Work task:
Only the lines from the one with "十三个国际先进节能技术介绍88194" through the final line below belong in the answer, copied exactly and without pictures.

Data:
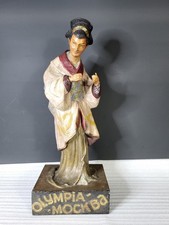 🗿 Große Figur „Olympia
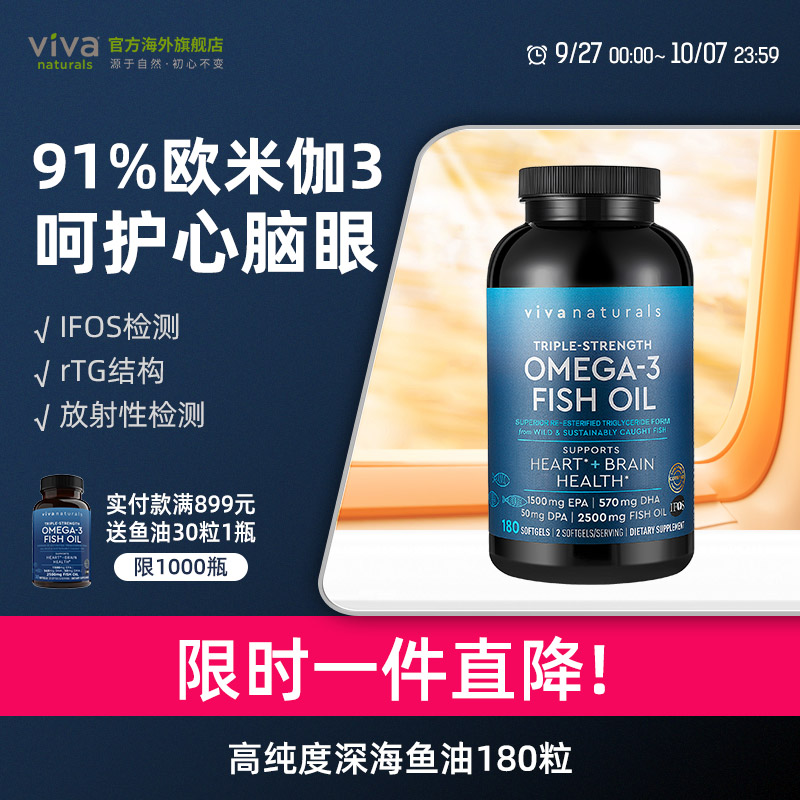 VIVA Naturals深海高浓度鱼油rTG型含DPA欧米伽3鱼油胶囊180粒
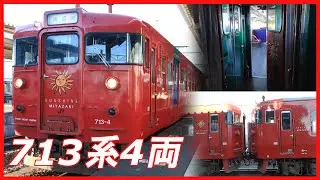 【4両運用消滅】713系4連プチ乗車記＆解放作業 2021.12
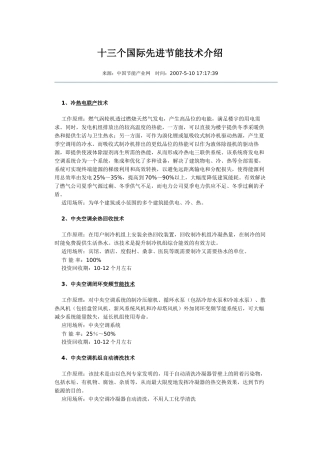 十三个国际先进节能技术介绍88194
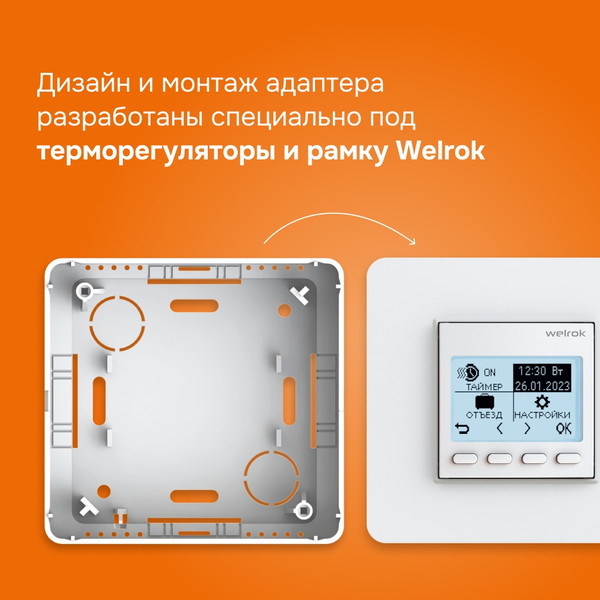 Изображение товара Адаптер наружного монтажа для терморегулятора Welrok Белый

Problem solution:
 十三个国际先进节能技术介绍88194
 Изображение товара Адаптер наружного монтажа для терморегулятора Welrok Белый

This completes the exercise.